Darius Rejali : Il y a l’offre et la demande. Du côté de la demande, la première chose à laquelle on pense c’est la sûreté nationale, mais cela ne rend compte que d’un tiers des cas : les cas de terrorisme ou de menace sur la sécurité de l’État. Il y a en fait d’autres raisons qui expliquent la persistance de la torture dans les régimes démocratiques. Par exemple lorsque le système judiciaire accorde une place prépondérante aux aveux. On observe souvent que lorsque les juges et les jurés attendent des aveux, la police va alors les fournir par n’importe quel moyen. Cela est caractéristique de certains pays, au Japon par exemple où 86 % des affaires sont résolues par des aveux. De toute évidence, dans ce système la torture apparaît pour d’autres raisons que celles de la sûreté nationale.

Un autre mode d’émergence de la torture est l’arrangement local – entre la police et les classes possédantes. La police maintient l’ordre dans la rue, torture et emprisonne les gens sur des aveux forcés, tandis que les classes possédantes détournent les yeux. Cela était très courant à Chicago entre les années 1970 et 1990. On observe la même chose de façon courante à Johannesburg, en Russie, à Mexico.
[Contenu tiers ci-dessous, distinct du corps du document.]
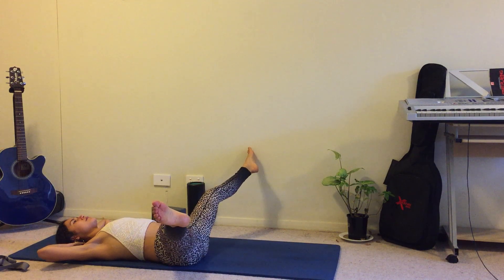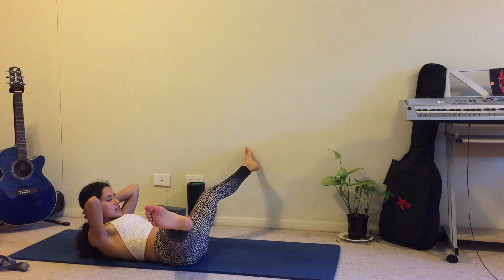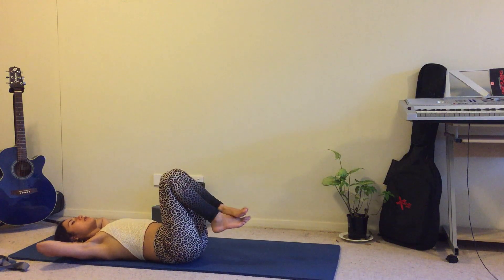Let's do one more. Inhale, and exhale, coming up, spreading the legs apart, pulling the belly down. Exhale, come down, legs together, and then inhale.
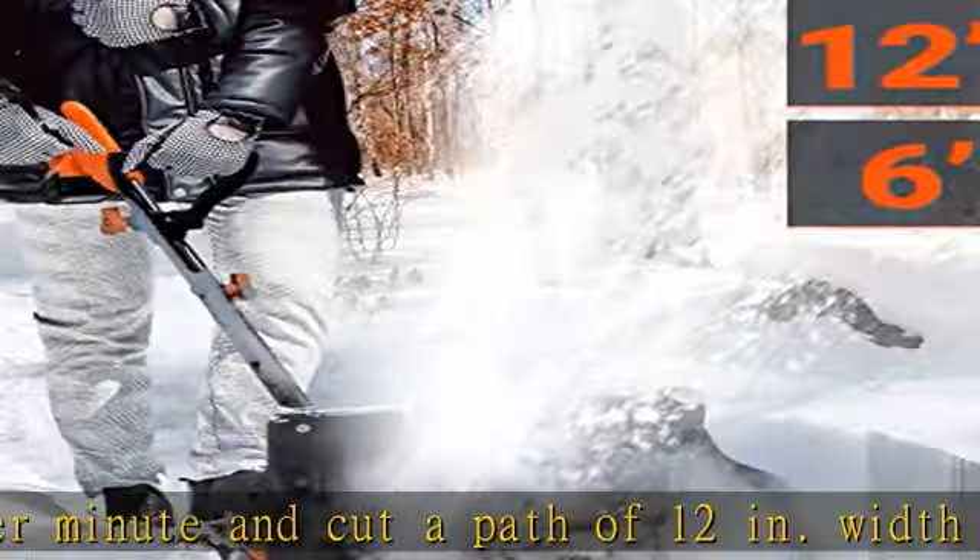Lightweight and hassle-free, the compact design snow shovel weighs only 11.2 pounds for ease of use and operator comfort. Easy to operate by a simple push-button start. With this cordless snow blower, there is no need to worry about complex maintenance tasks, fossil fuel requirements, carbon emissions, or tangled extension cords.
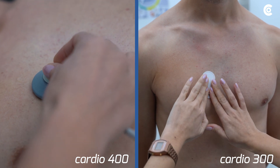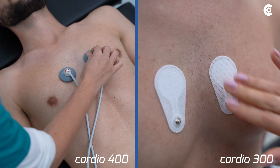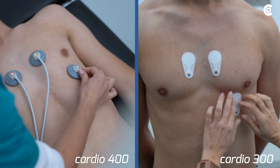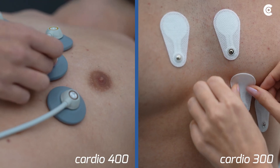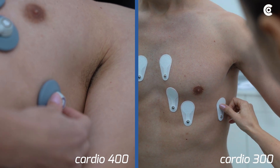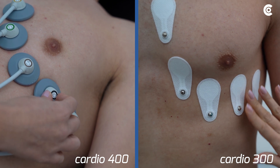C1 in the 4th intercostal space at the right sternal border. C2 in the 4th intercostal space at the left sternal border. C4 in the 5th intercostal space on the left mid-clavicular line. C3 left on the 5th rib between C2 and C4. C6 left on the mid-axillary line at the same height as C4. And C5 left on the anterior axillary line, also at the level of C4.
C’est un arrangement local, non pas national.

Enfin, quand les soldats reviennent de guerres à l’étranger, ils rapportent avec eux – si la guerre impliquait des pratiques de torture –  des techniques qui vont se diffuser : typiquement, ils intègrent la police de leur pays, avec leurs méthodes de maintien de l’ordre et le cas échéant des techniques de torture. Un des traits caractéristiques des relations entre torture et démocratie est que si une démocratie est engagée dans une guerre et pratique la torture, dans les vingt années suivantes ces pratiques de torture réapparaissent au sein de l’économie politique domestique du pays.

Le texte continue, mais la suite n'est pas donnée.